Warranties; Disclaimers

8.1 Consultant Warranty. Consultant will perform the Services in a professional and workmanlike manner consistent with industry standards for similar services.

8.2 Client Warranties. Client represents and warrants that: (a) it has all necessary rights, licenses, and consents to provide Client Materials to Consultant and to permit Consultant to use them as contemplated by this Agreement; and (b) Client’s business and use of the Services comply with all applicable laws, regulations, and industry standards.

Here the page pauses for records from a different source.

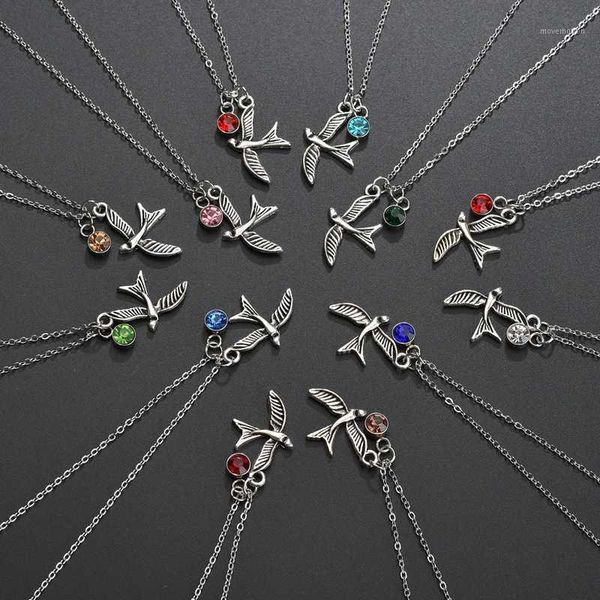 8seasons birthstone necklace silver color round pendants january-december charms collar fashon swallow bird women party jewelry1
8seasons birthstone necklace silver color round pendants january-december charms collar fashon swallow bird women party jewelry1
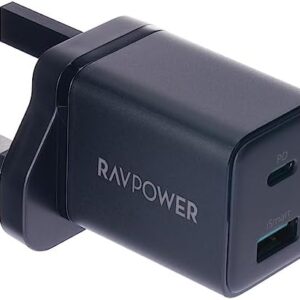 Ravpower Rp-Pc168 PD 20W 2-Port UK Wall Charger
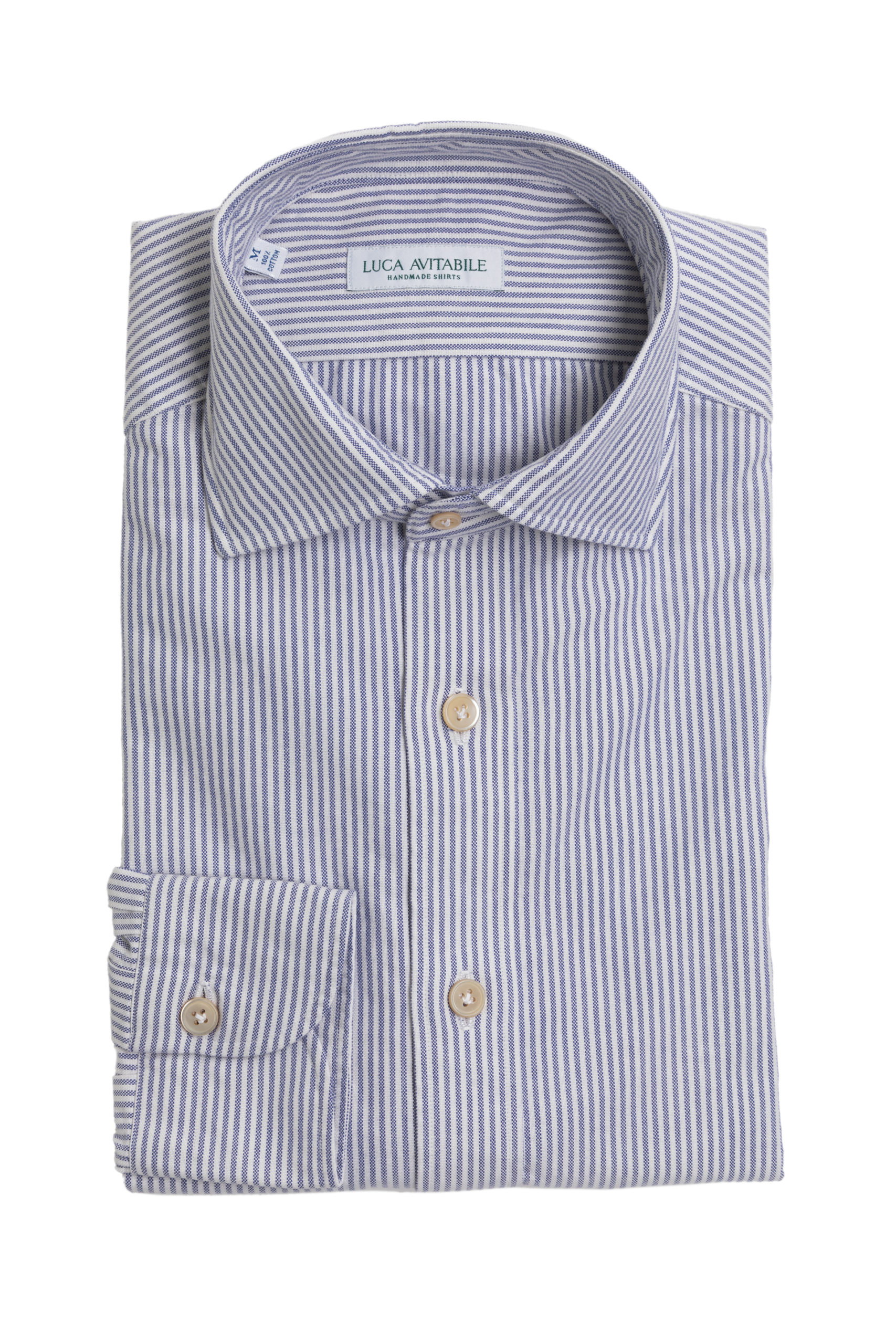 Washed Oxford - Striped Shirt - Luca Avitabile - Handmade Shirt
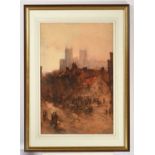 John Terris RSW (1865-1914)York MinsterSigned, watercolour, 73.5cm by 48cm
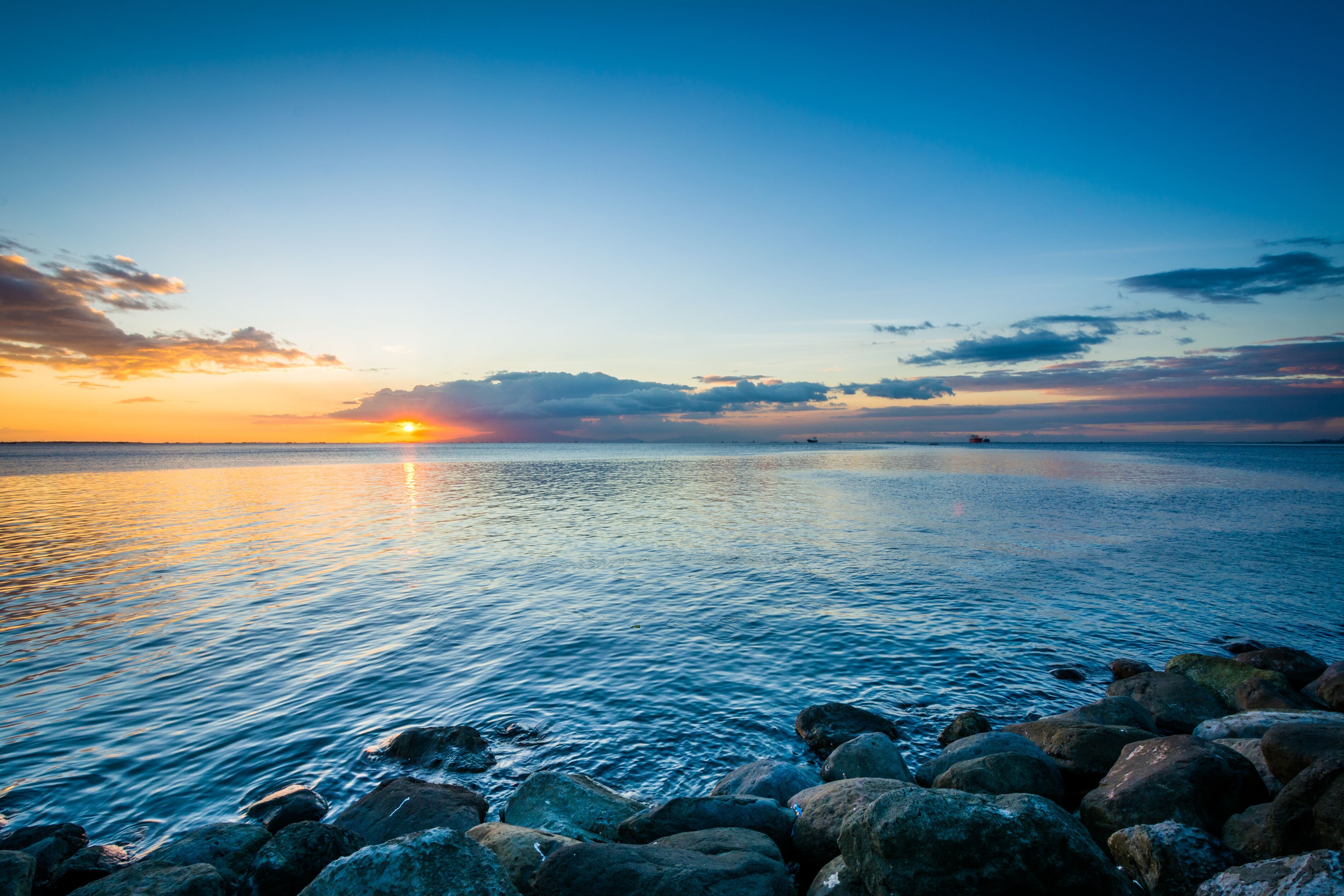 Sunset over Manila Bay, seen from Pasay, Metro Manila, The Phili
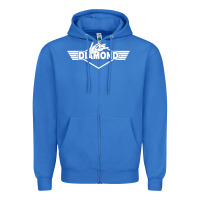 True Royal legs diamond Zipper Hoodie - FloraArt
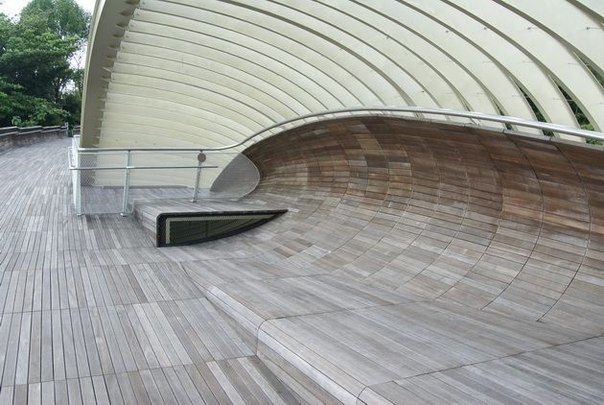 Мост «Волны Хендерсона» (Henderson Bridge), Сингапур. Мост «Волны Хендерсона» (Henderson Bridge), Сингапур.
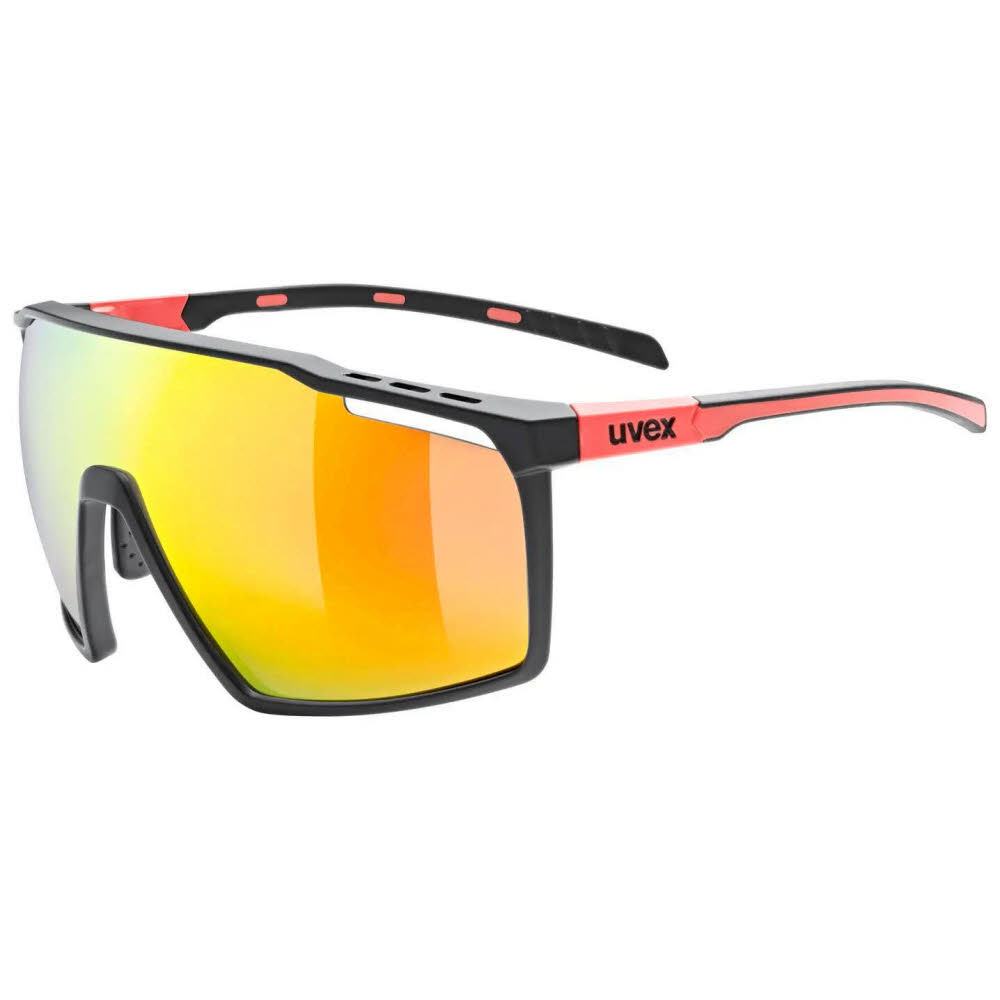 Uvex mtn perform Unisex Sonnenbrille Skibrille rot schwarz matt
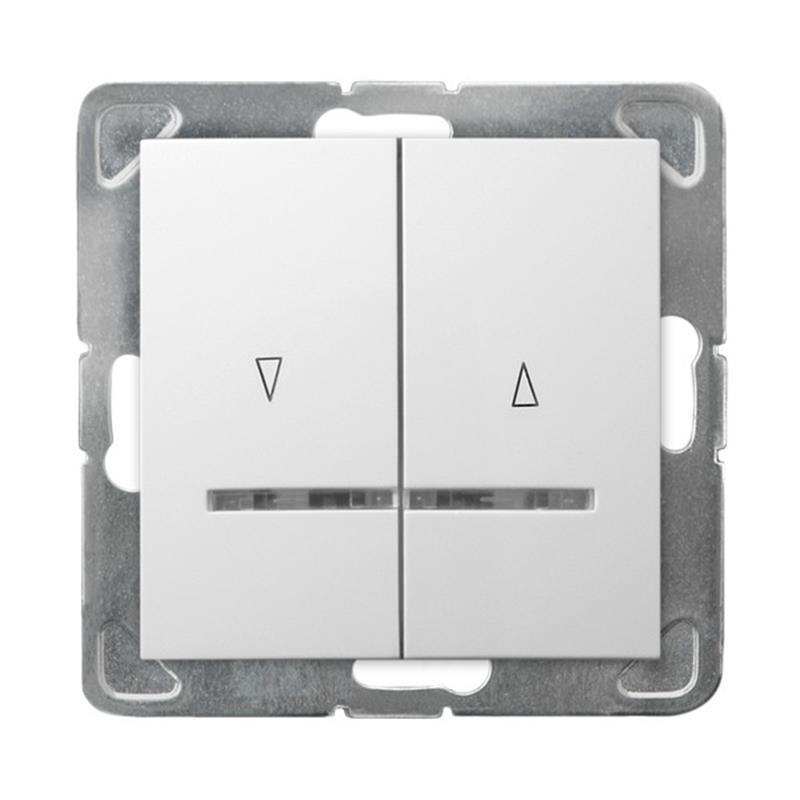 Ospel Impresja biały - łącznik żaluzyjny stabilny ŁP-7YBS/m/00 Ospel Impresja biały - łącznik żaluzyjny stabilny ŁP-7YBS/m/00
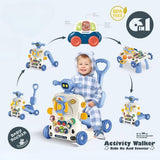 6-in-1 Multifunction Musical Baby Walker
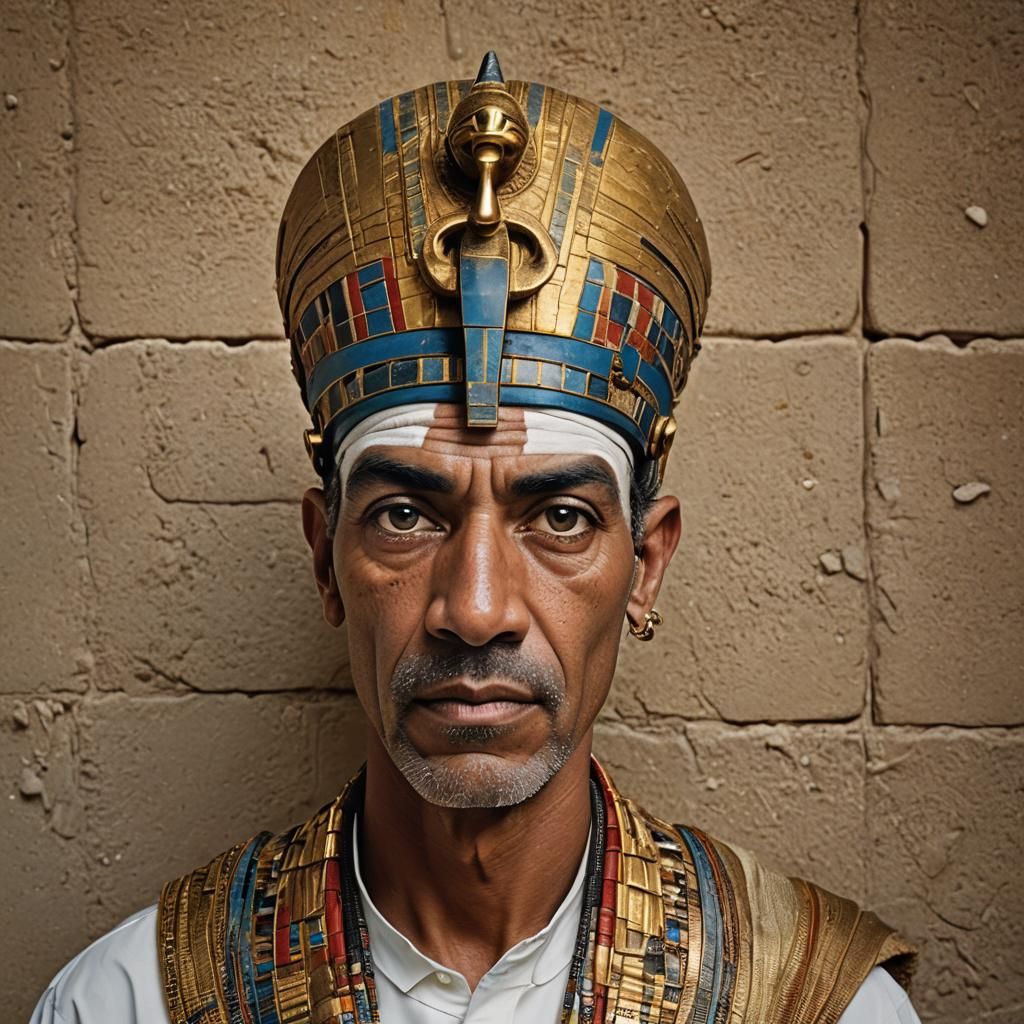 Egyptian Portrait in Professional Photography Style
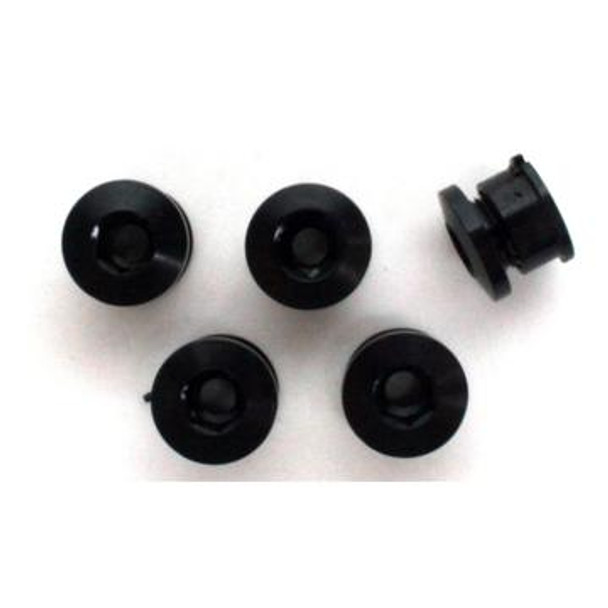 The SINZ Chainring bolts in Black Short for BMX Racing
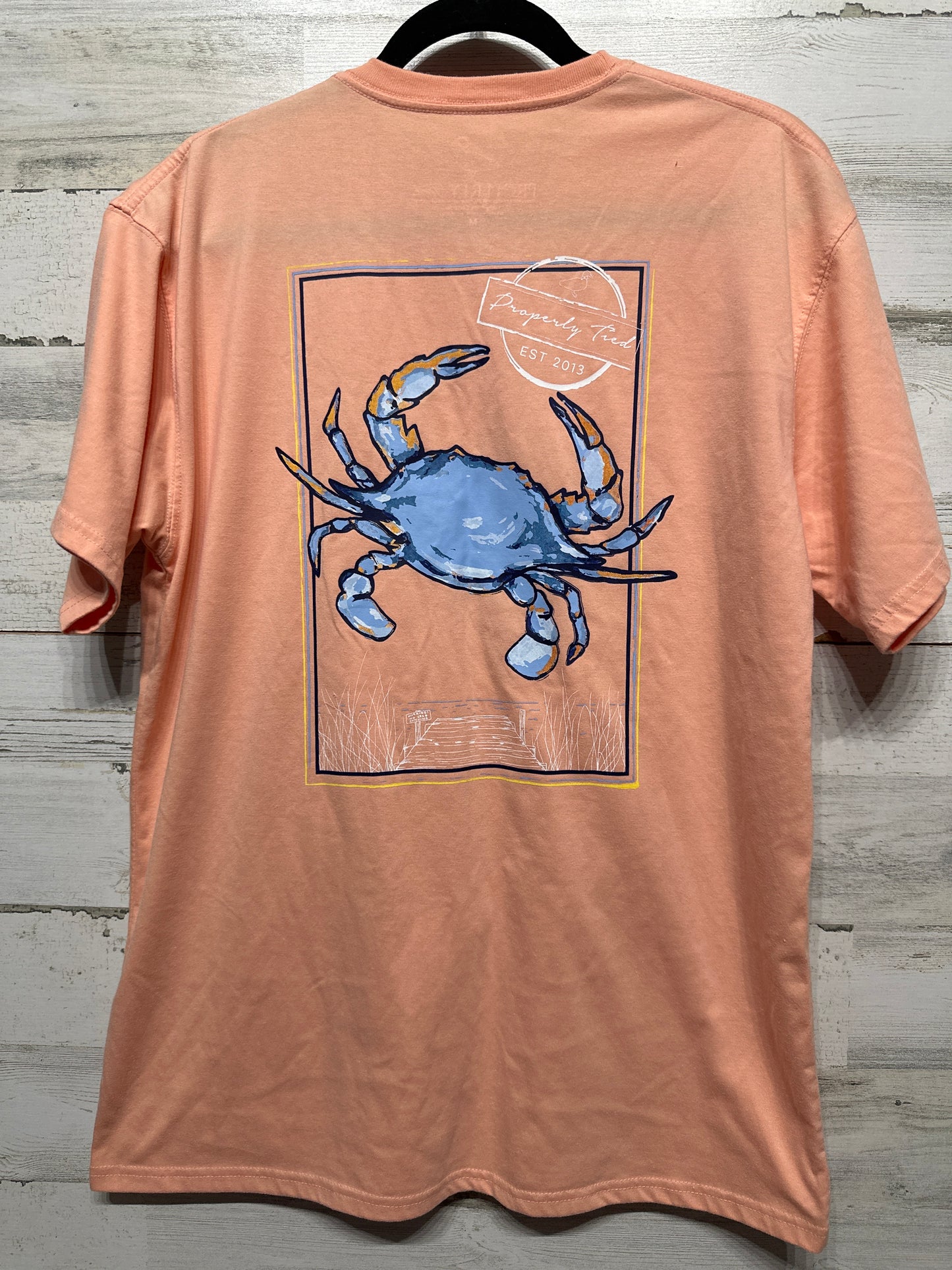Men's Size Medium Properly Tied Pima Cotton Crab T-Shirt - Play Condition*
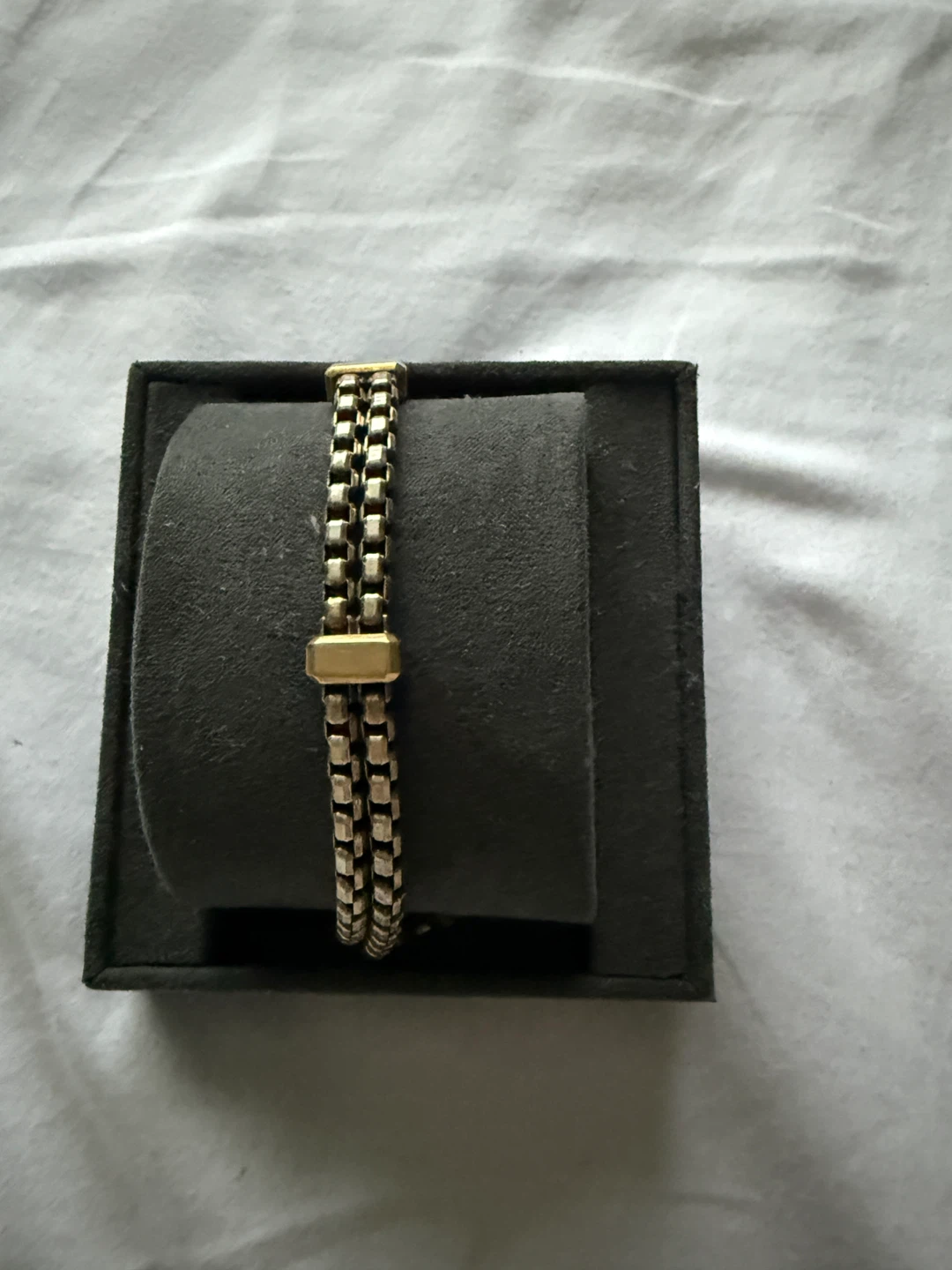 David Yurman Sterling Silver & Gold Bracelet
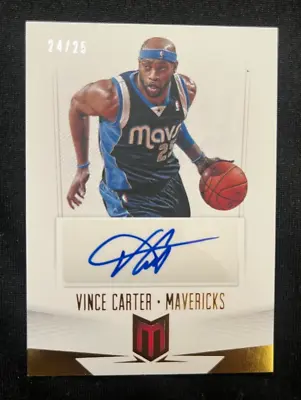 2012-13 Panini Momentum Vince Carter Auto Autograph Signature Serial 24/25 NEW • $99.99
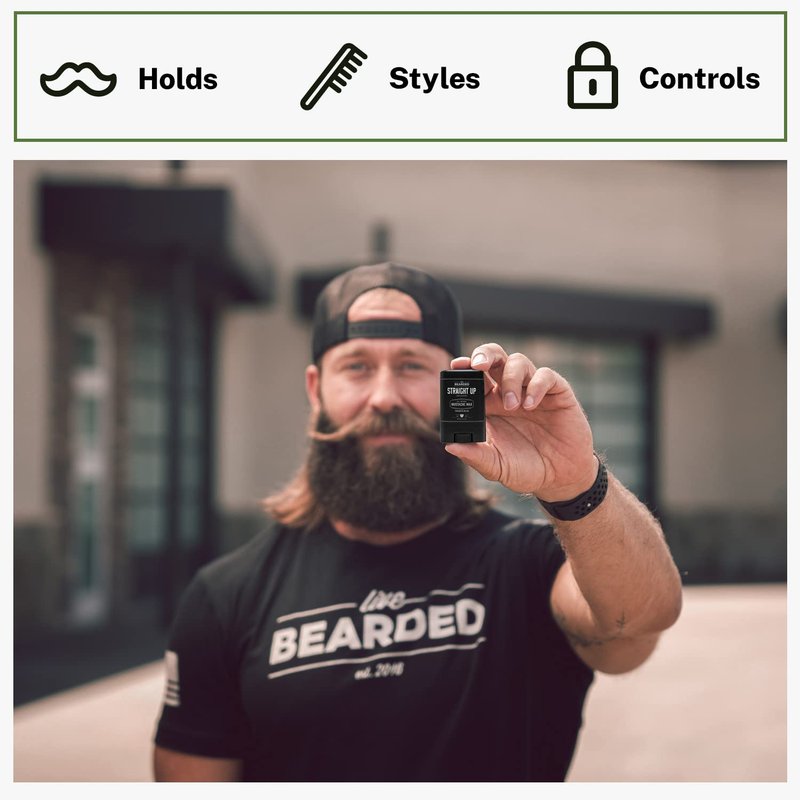Live Bearded Mustache Wax Stick, 0.35 oz - Made in the USA with All-Natural Ingredients - Medium Hold Stache and Beard Styling for Men | Canyon - Juniper, Cypress, Fir Needle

8.3 Disclaimer of Other Warranties. EXCEPT AS EXPRESSLY PROVIDED IN SECTION 8.1, THE SERVICES, ANY CONSULTANT IP, AND ANY OTHER MATERIALS PROVIDED BY CONSULTANT ARE PROVIDED “AS IS” AND “AS AVAILABLE,” WITHOUT WARRANTIES OF ANY KIND, WHETHER EXPRESS, IMPLIED, STATUTORY, OR OTHERWISE, INCLUDING WITHOUT LIMITATION ANY IMPLIED WARRANTIES OF MERCHANTABILITY, FITNESS FOR A PARTICULAR PURPOSE, TITLE, AND NON-INFRINGEMENT. CONSULTANT DOES NOT WARRANT THAT THE SERVICES WILL BE ERROR-FREE OR UNINTERRUPTED, OR THAT ANY PARTICULAR RESULTS WILL BE ACHIEVED.

Limitation of Liability

9.1 Exclusion of Certain Damages. TO THE MAXIMUM EXTENT PERMITTED BY LAW, NEITHER CONSULTANT NOR ITS OFFICERS, DIRECTORS, EMPLOYEES, CONTRACTORS, OR AFFILIATES WILL BE LIABLE FOR ANY INDIRECT, INCIDENTAL, CONSEQUENTIAL, SPECIAL, EXEMPLARY, OR PUNITIVE DAMAGES, OR ANY LOSS OF PROFITS, REVENUE, SAVINGS, OR DATA, ARISING OUT OF OR RELATED TO THIS AGREEMENT OR THE SERVICES, WHETHER BASED IN CONTRACT, TORT (INCLUDING NEGLIGENCE), STRICT LIABILITY, OR OTHERWISE, EVEN IF ADVISED OF THE POSSIBILITY OF SUCH DAMAGES.

9.2 Cap on Liability. TO THE MAXIMUM EXTENT PERMITTED BY LAW, CONSULTANT’S TOTAL AGGREGATE LIABILITY ARISING OUT OF OR RELATING TO THIS AGREEMENT OR THE SERVICES, UNDER ANY THEORY OF LIABILITY, WILL NOT EXCEED THE LESSER OF (A) USD $1,000, OR (B) THE TOTAL FEES PAID BY CLIENT TO CONSULTANT UNDER THIS AGREEMENT IN THE ONE (1) MONTH PERIOD IMMEDIATELY PRECEDING THE EVENT GIVING RISE TO THE CLAIM.

9.3 Essential Basis. The limitations in this Section 9 are a fundamental basis of the bargain and shall apply even if any remedy fails of its essential purpose.

Termination

10.1 Termination for Convenience. Either Party may terminate in accordance with program cancellation terms.

10.2 Termination for Cause. Either Party may terminate upon written notice if the other Party materially breaches this Agreement and fails to cure such breach within a reasonable period after receiving written notice describing the breach.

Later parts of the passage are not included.